Verkehrsminister Andreas Scheuer durchlebt die schwersten Stunden seiner bisherigen politischen Karriere. Die Oppositionsparteien FDP, Grüne und Linke haben gestern Nachmittag für einen parlamentarischen Untersuchungsausschuss votiert – und damit die herbstliche Treibjagd auf den CSU-Politiker eröffnet. Ihre Trophäe: sein Skalp.

Es geht um das Scheitern der schon von Ex-Verkehrsminister Alexander Dobrindt auf den Weg gebrachten Pkw-Maut, die vom Europäischen Gerichtshof (EuGH) im Juni in den Ordner der gescheiterten Ideen befördert wurde. Bereits Ende 2018 unterzeichnete Scheuer Verträge mit den Dienstleistern zur Erhebung und Kontrolle der Maut, was ihm nun zum Verhängnis werden könnte. Diese Dienstleister dürfen Schadenersatzansprüche anmelden. Wenn es schlecht läuft, muss der Steuerbürger in dreistelliger Millionenhöhe zahlen.

Andreas Scheuer © dpa

Der Vorwurf gegen Scheuer: Viele Experten sagen, die Ablehnung einer Pkw-Maut durch den EuGH sei absehbar gewesen. Scheuer habe mit der Vertragsunterzeichnung fahrlässig gehandelt.

Die Frage aller Fragen lautet nun: Trägt der Minister tatsächlich die persönliche Verantwortung für das Scheitern der Mautpläne und die ungünstige Vertragslage? Gab es Alternativen? Oder spielt hier die Opposition das übliche Spiel, wonach ein Hoffnungsträger der Regierung um jeden Preis zu Fall gebracht werden soll?

Fest steht: Der politische Angriffsspieler Andreas Scheuer – einst Generalsekretär der CSU – muss sich nun in der Disziplin der Selbstverteidigung beweisen. Unmittelbar nach der gestrigen Eilmeldung zur Einrichtung des Untersuchungsausschuss habe ich für den heutigen Morning Briefing Podcast mit ihm gesprochen. Meine erste Frage: Haben Sie Fehler gemacht?

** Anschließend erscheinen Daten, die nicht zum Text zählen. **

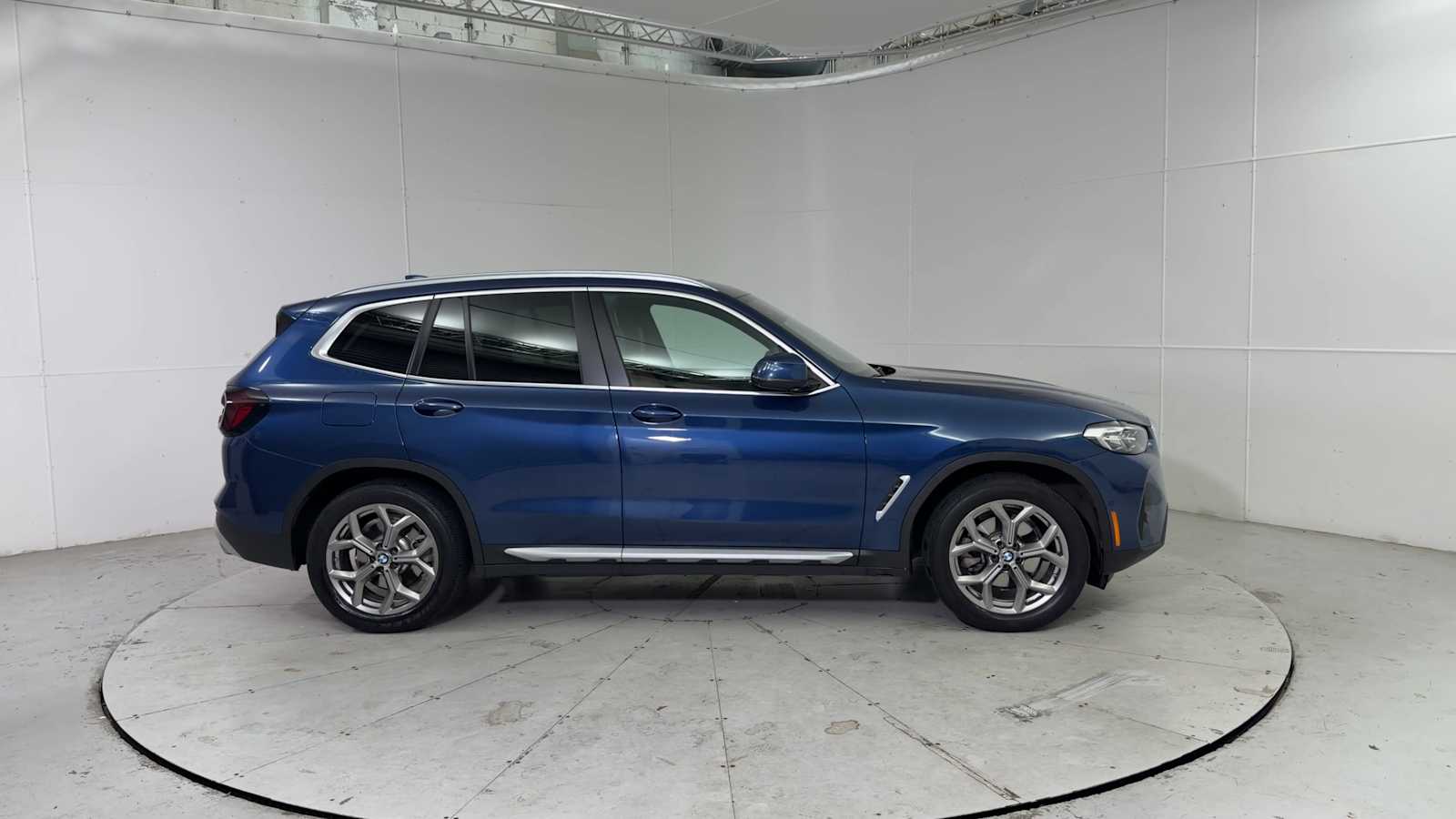 Thumbnail: 2023 BMW X3 - 9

Natürlich macht man sich jetzt Gedanken. Es wäre ja unmenschlich, wenn man das nicht machen würde.

Seine eigene Rolle im Maut-Debakel sieht er weniger dominant als die Opposition, zumal der Prozess zur Einführung einer solchen Straßennutzungsgebühr weit vor seiner Ministerwerdung im März 2018 angestoßen wurde. Es habe für ihn keine Alternative gegeben:

Hätten wir keine Vertragsabschlüsse gemacht und ein positives Signal des EuGH bekommen, dann hätten wir jetzt keine Verträge und damit auch keine Einnahmen. Es ist anders gekommen. Konjunktive bringen uns da nichts.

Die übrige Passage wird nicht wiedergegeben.